Devlet, hiçbir dönem Kürtlerin temel hak ve özgürlüklerini kabul eden ve onların yaşam koşullarını iyileştiren bir yerde durmadı. Tam aksine sonu gelmez katliam sürgün ve asimilasyon politikaları üzerinden onlara boyun eğdirerek, sessizleştirmeye ve itaat ettirmeye çalıştı. Kürtleri, ne temel hak ve özgürlükleri olan bir ulus olarak gördü ne de onları eşit vatandaş olarak kabul etti. Kürtlerin, TC devletini kendi devletleri gibi görmemelerini gerektiren sayısız tarihsel ve güncel olgu vardır. Yaşanan ve devam eden derin güvensizliğin yaratıcısı TC devletidir. Devlet, Kürtlerin devleti değildir. Sayısız tarihsel örnek bunu fazlasıyla kanıtlamaktadır.

Devletin özür borcu var

Dêrsim’e yapılan sayısız seferle sonuç alamayan generaller, bu kez çözümü tıpkı Ermeni, Rum ve Süryani soykırımında olduğu gibi benzer bir katliamla denedi. Dêrsim’i “çıban başı” olarak görüp ezmeye çalıştı. Elindeki zor ve baskı aygıtını kullanmanın dışında Kürtlere hiçbir şey vermeyen devletin, mezarı bile olmayan, Kürt Alevi inanç önderlerine, sayısız mazluma özür borcu vardır. Dêrsim, ‘Cumhuriyet Türkiye’sini soykırımla yüzleşmeye davet eden bir sözcük değil, bir gerçekliktir.

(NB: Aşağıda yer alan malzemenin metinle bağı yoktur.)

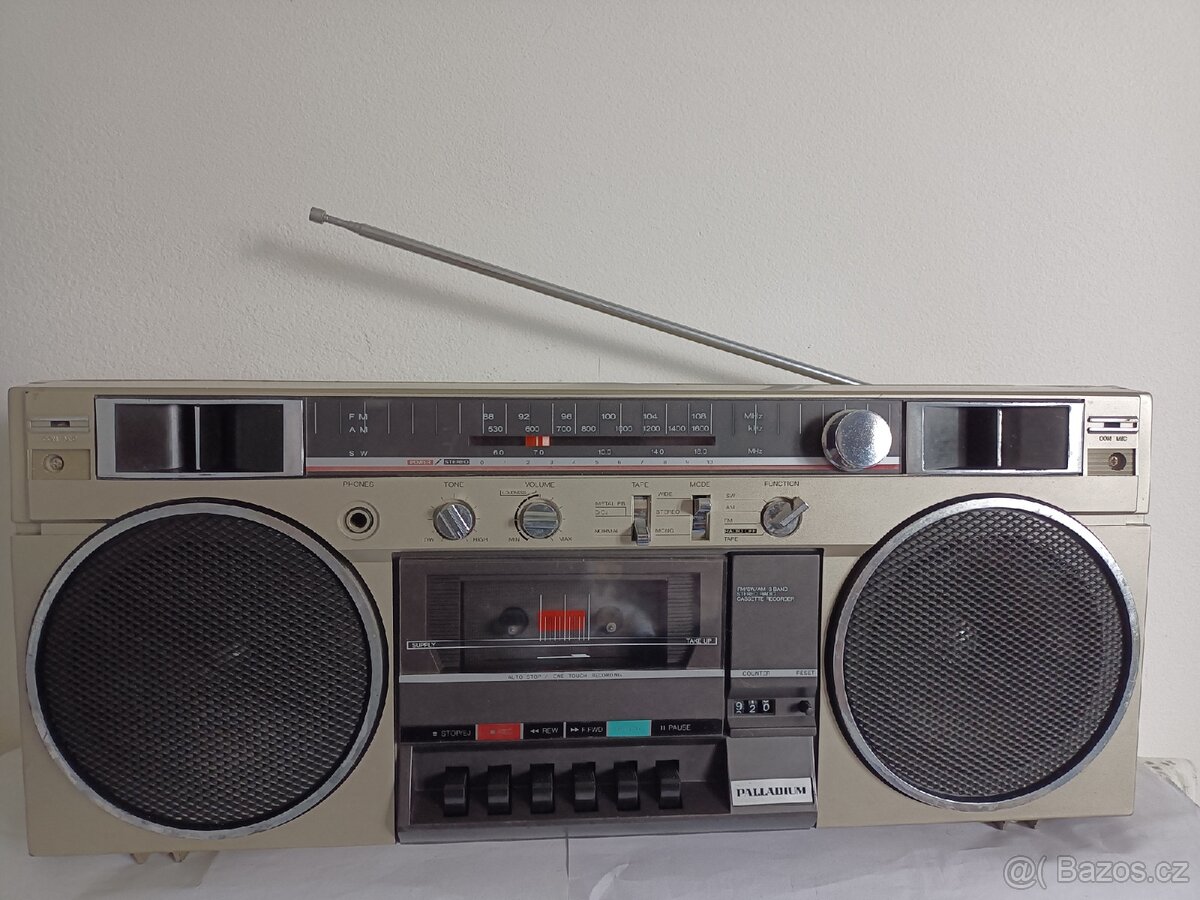 Palladium ATR 879/258 radiomagnetofon retro kazeťák Německo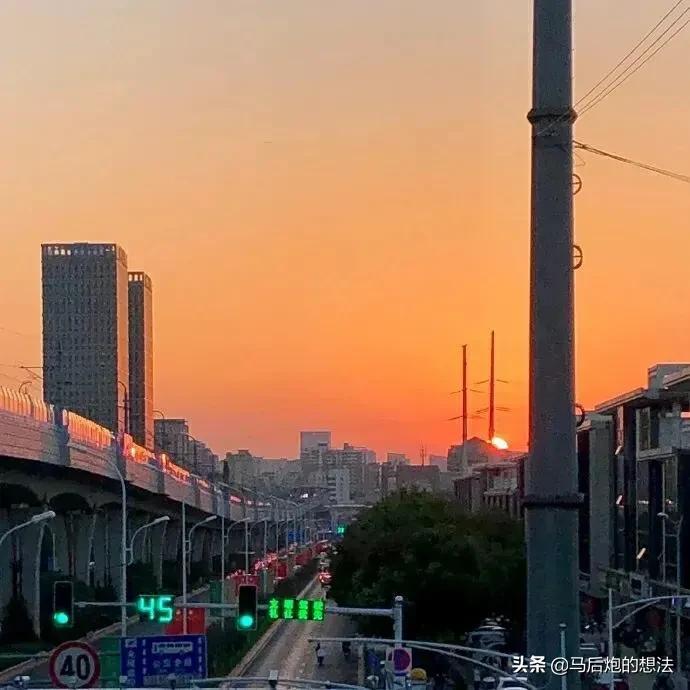 一些一针见血很飒的文案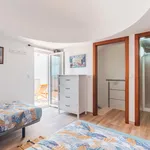 Rent a room of 160 m² in Peniche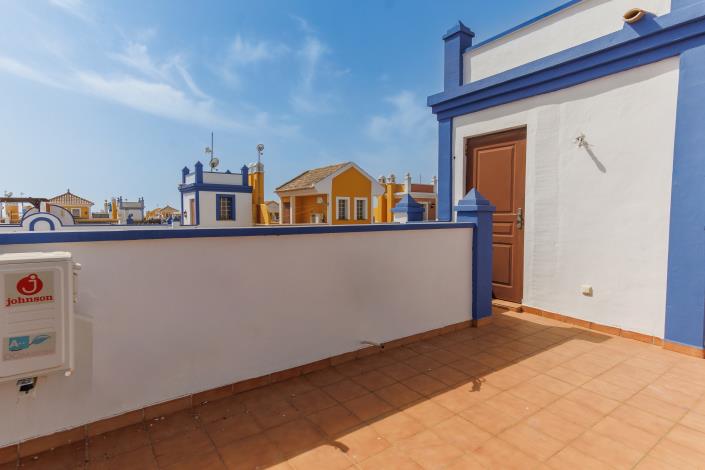 Image No.21-3 Bed Townhouse for sale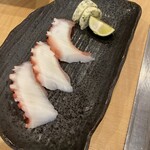 もんじゃ･お好み･鉄板焼き すずめの御宿 - タコのガーリック焼き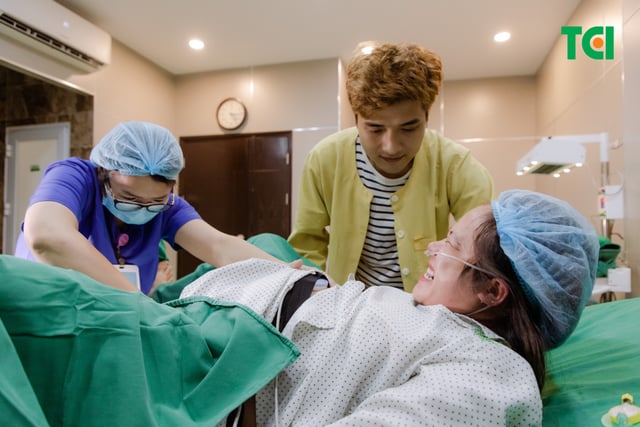 Ảnh Tiktoker triệu follower Đào Nguyễn Ánh trải nghiệm cùng vợ bầu tại TCI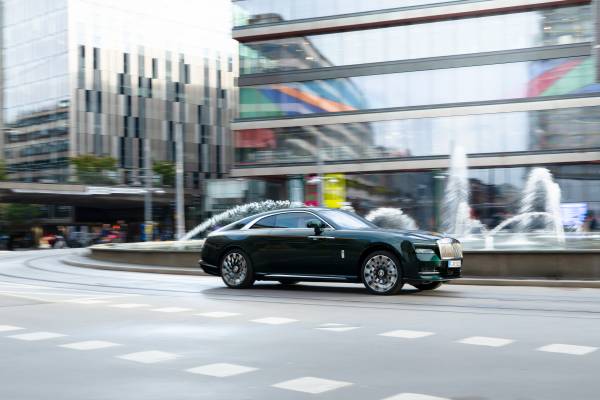 ROLLS-ROYCE SPECTRE SERIES II - FINISHED IN DARK EMERALD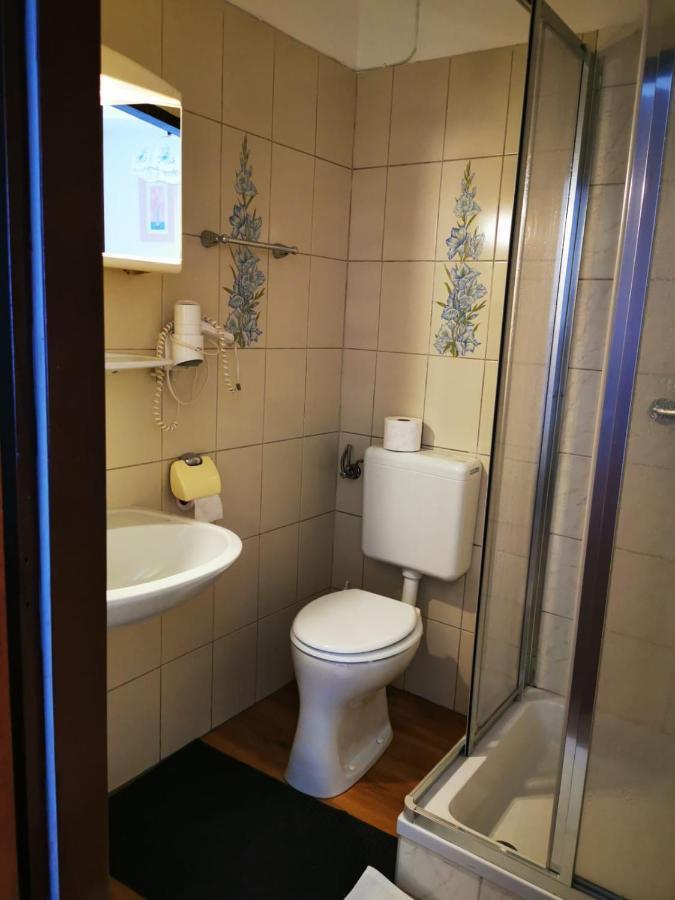 Hotel Goldene Krone 米斯特尔巴赫 外观 照片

Özüne, değerlerine bağlı kalarak son sözünü darağacında söyleyen Seyit Rıza, zalimin zulmü ve hileleri önünde diz çökmeyen bir dağdır. Şimdi özgürlük ve adalet arayanlar, “Ben sizin hilelerinizle baş edemedim bu bana dert oldu. Ben de sizin önünüzde diz çökmeyeceğim bu da size dert olsun” sözünü altın değerinde bir öğüt olarak kabul edip yorulmadan yürüyor. Ne idamlar ne sürgünler ne de insanlık dışı zulüm ve hukuksuzluk bu acıyı unutturabilir. Geride kalanlar ne zalime benzeyecek ne de yas tutacaktır.